Return, without pictures, the lines from the start of the data through the one that contains "A rooftop pool".

::::::

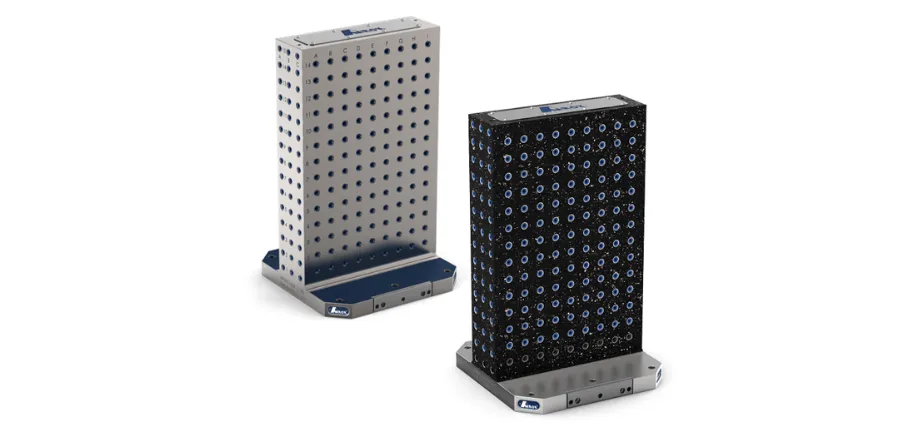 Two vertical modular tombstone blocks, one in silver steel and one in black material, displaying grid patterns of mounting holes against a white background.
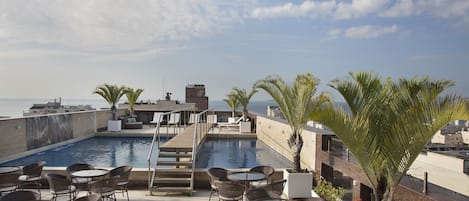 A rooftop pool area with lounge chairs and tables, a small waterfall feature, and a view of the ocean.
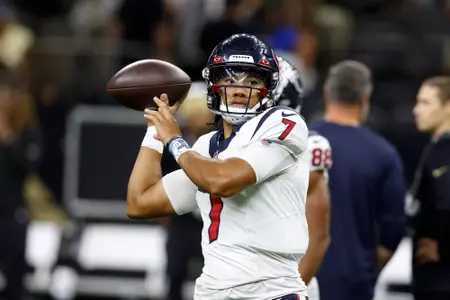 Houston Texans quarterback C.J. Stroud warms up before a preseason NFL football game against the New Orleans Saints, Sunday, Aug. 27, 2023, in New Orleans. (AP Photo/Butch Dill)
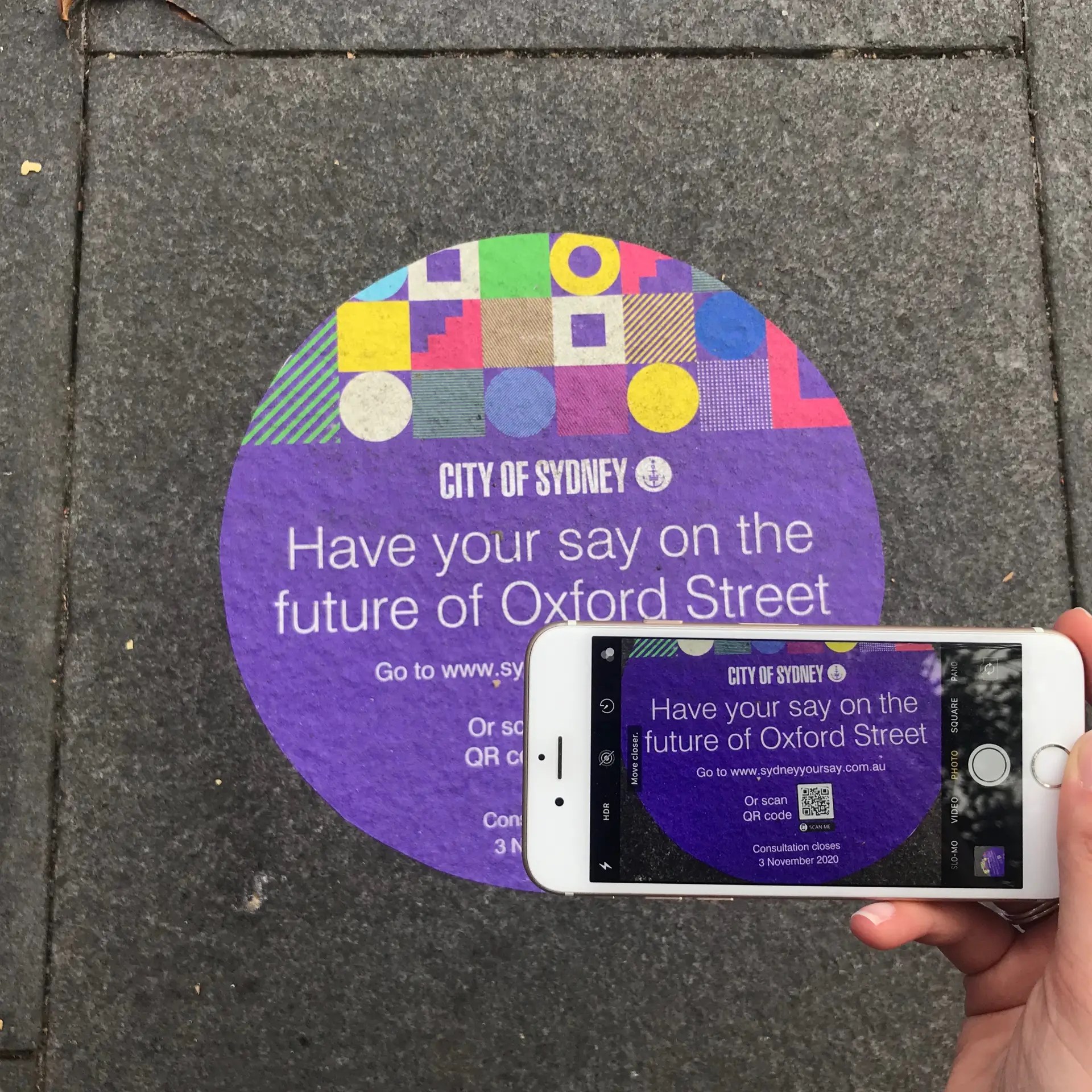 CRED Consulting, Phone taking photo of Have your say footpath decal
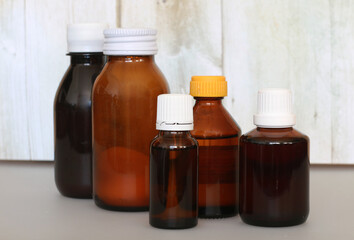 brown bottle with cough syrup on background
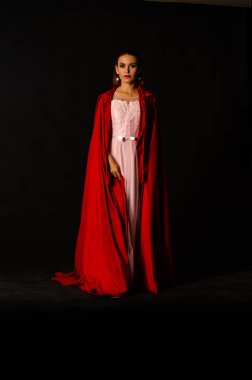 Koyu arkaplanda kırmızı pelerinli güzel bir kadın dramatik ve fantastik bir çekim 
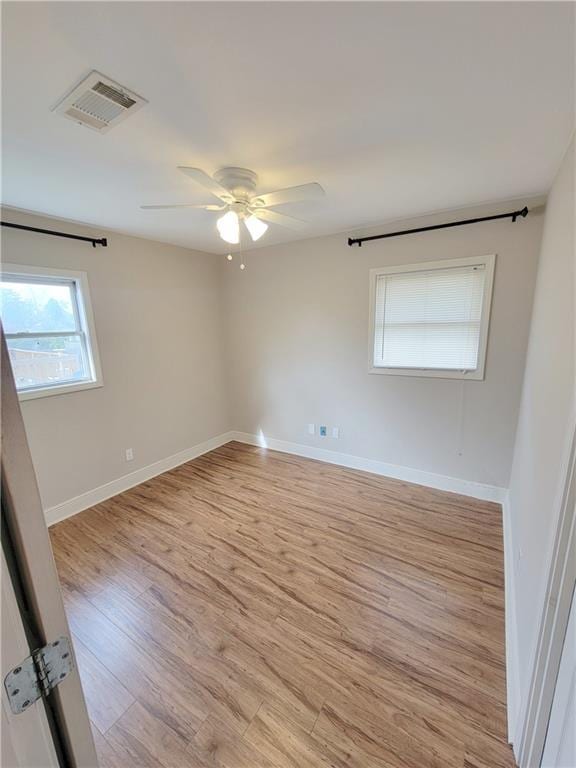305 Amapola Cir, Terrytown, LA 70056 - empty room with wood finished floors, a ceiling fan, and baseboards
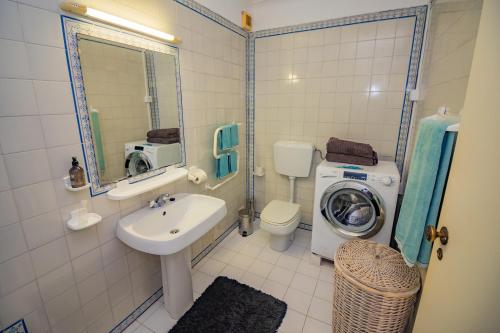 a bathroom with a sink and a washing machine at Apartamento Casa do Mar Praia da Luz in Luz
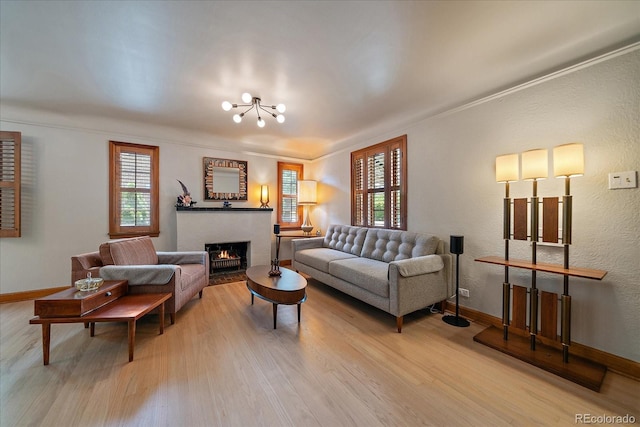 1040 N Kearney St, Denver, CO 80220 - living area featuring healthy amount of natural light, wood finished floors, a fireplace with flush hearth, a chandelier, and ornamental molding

::::::

SOLUTION BELOW —
 Two vertical modular tombstone blocks, one in silver steel and one in black material, displaying grid patterns of mounting holes against a white background.
 A rooftop pool area with lounge chairs and tables, a small waterfall feature, and a view of the ocean.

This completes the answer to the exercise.